RECORDS SUPPLIED:
★ ★ ★

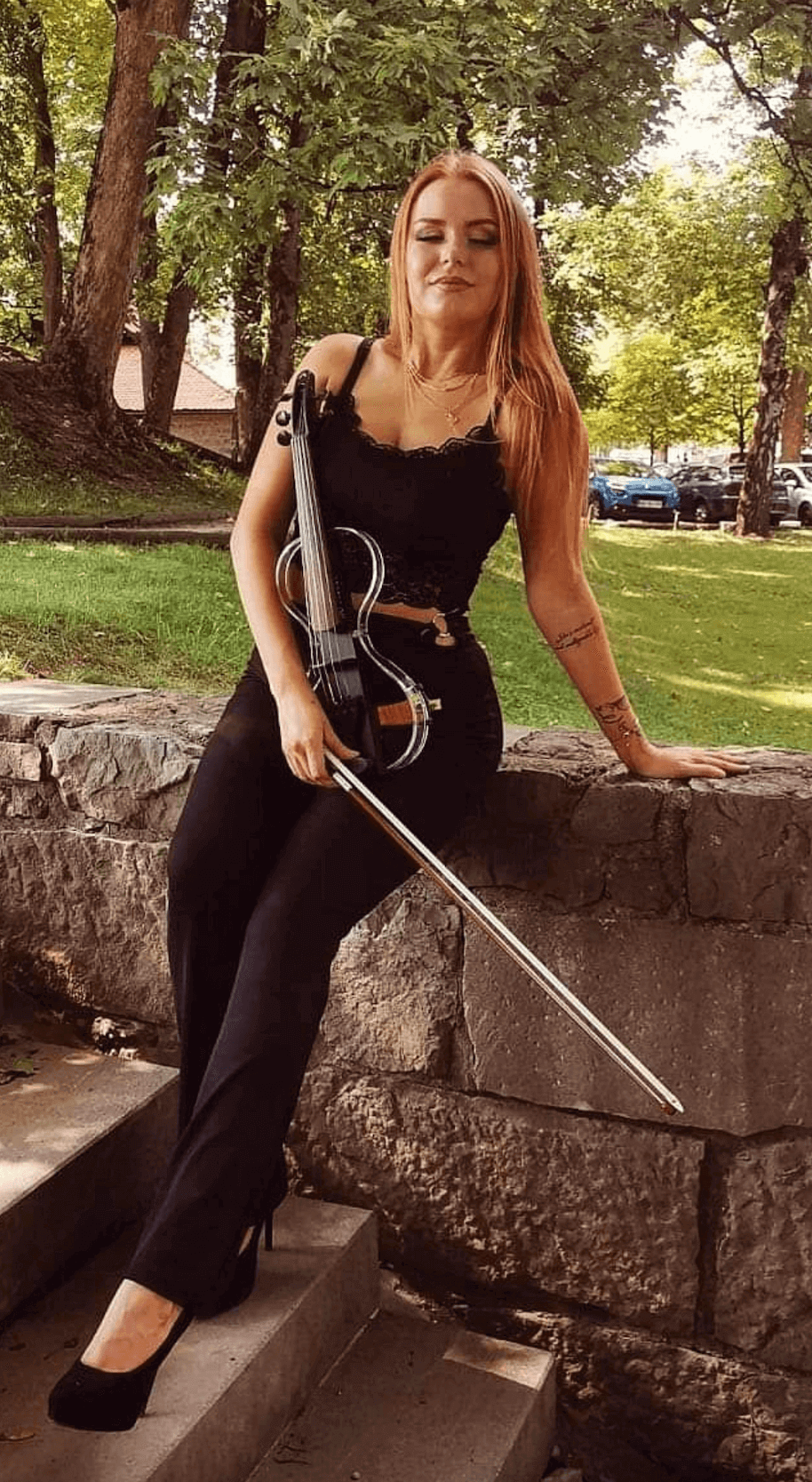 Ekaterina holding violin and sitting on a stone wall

★ ★ ★

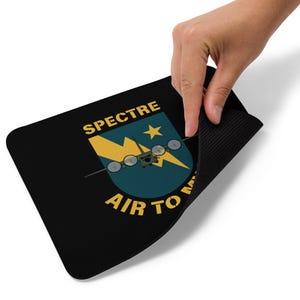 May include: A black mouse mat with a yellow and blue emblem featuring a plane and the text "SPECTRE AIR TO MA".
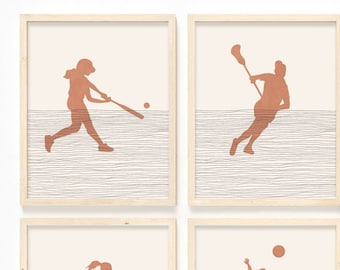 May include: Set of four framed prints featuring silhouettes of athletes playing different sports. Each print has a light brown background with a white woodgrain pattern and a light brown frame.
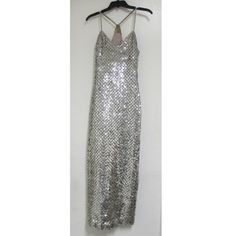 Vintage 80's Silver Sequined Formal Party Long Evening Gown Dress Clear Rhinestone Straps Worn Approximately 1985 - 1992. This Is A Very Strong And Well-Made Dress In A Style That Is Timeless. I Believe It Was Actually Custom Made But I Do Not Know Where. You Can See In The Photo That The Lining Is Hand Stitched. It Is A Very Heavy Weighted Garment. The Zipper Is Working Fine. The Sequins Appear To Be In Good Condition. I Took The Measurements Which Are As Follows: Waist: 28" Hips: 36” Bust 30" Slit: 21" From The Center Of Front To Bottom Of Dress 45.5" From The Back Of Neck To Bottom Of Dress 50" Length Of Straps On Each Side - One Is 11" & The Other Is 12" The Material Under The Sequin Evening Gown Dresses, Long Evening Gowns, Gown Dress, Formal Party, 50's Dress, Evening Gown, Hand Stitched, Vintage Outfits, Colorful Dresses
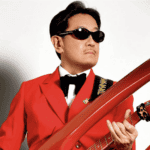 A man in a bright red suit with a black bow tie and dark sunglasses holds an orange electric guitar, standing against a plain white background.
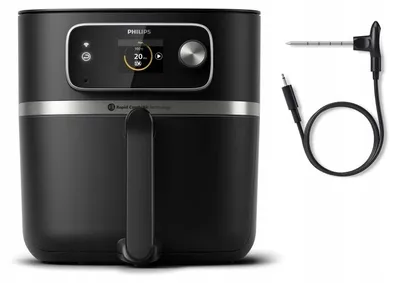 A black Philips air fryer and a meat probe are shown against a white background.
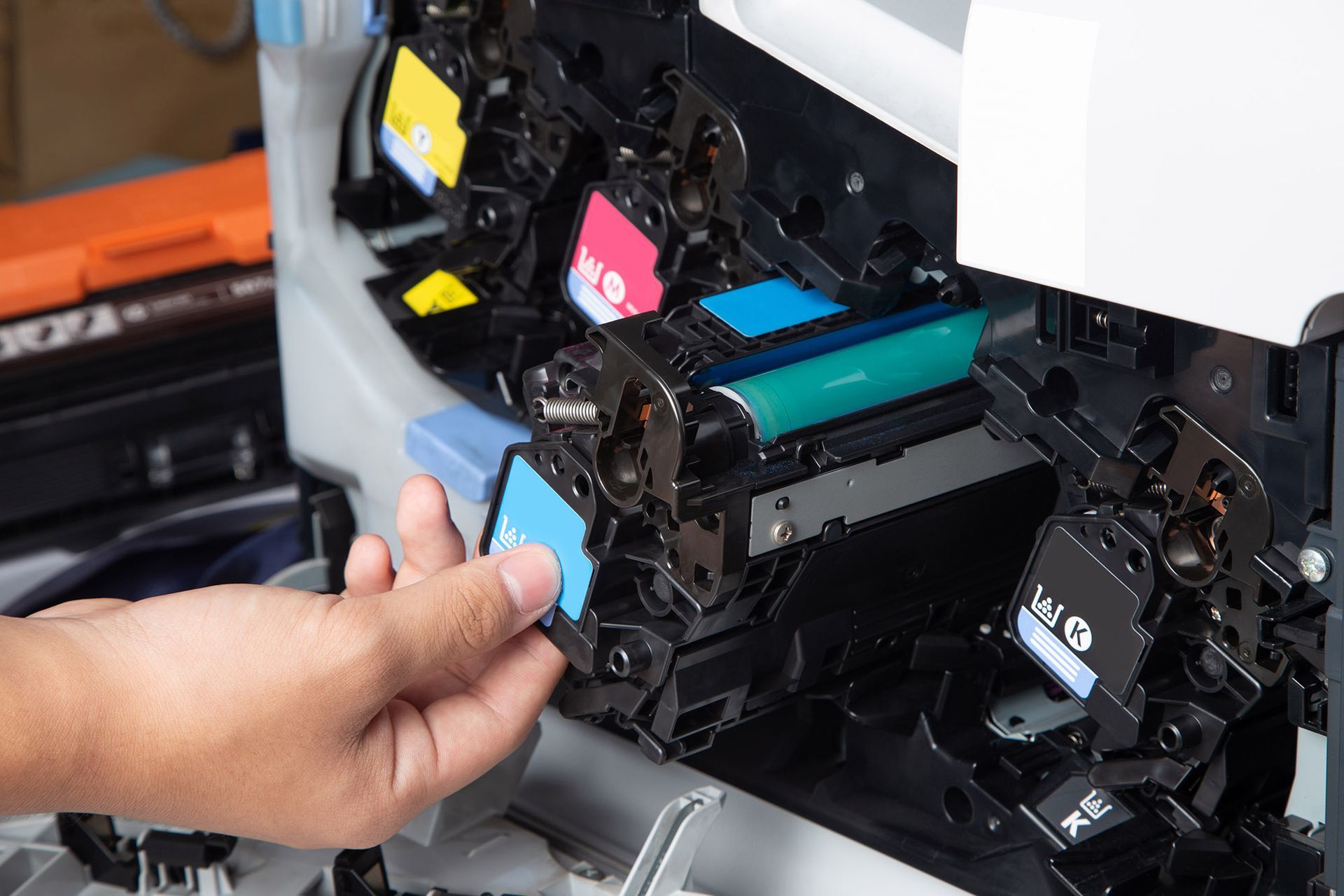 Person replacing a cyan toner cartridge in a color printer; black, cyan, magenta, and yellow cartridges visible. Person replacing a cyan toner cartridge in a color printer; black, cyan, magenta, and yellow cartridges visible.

★ ★ ★

In the listing above, find the line containing "Vintage 80's Silver" and the line containing "cartridges visible. Person", then print exactly those two lines and every line between them, minus the pictures.

 Vintage 80's Silver Sequined Formal Party Long Evening Gown Dress Clear Rhinestone Straps Worn Approximately 1985 - 1992. This Is A Very Strong And Well-Made Dress In A Style That Is Timeless. I Believe It Was Actually Custom Made But I Do Not Know Where. You Can See In The Photo That The Lining Is Hand Stitched. It Is A Very Heavy Weighted Garment. The Zipper Is Working Fine. The Sequins Appear To Be In Good Condition. I Took The Measurements Which Are As Follows: Waist: 28" Hips: 36” Bust 30" Slit: 21" From The Center Of Front To Bottom Of Dress 45.5" From The Back Of Neck To Bottom Of Dress 50" Length Of Straps On Each Side - One Is 11" & The Other Is 12" The Material Under The Sequin Evening Gown Dresses, Long Evening Gowns, Gown Dress, Formal Party, 50's Dress, Evening Gown, Hand Stitched, Vintage Outfits, Colorful Dresses
 A man in a bright red suit with a black bow tie and dark sunglasses holds an orange electric guitar, standing against a plain white background.
 A black Philips air fryer and a meat probe are shown against a white background.
 Person replacing a cyan toner cartridge in a color printer; black, cyan, magenta, and yellow cartridges visible. Person replacing a cyan toner cartridge in a color printer; black, cyan, magenta, and yellow cartridges visible.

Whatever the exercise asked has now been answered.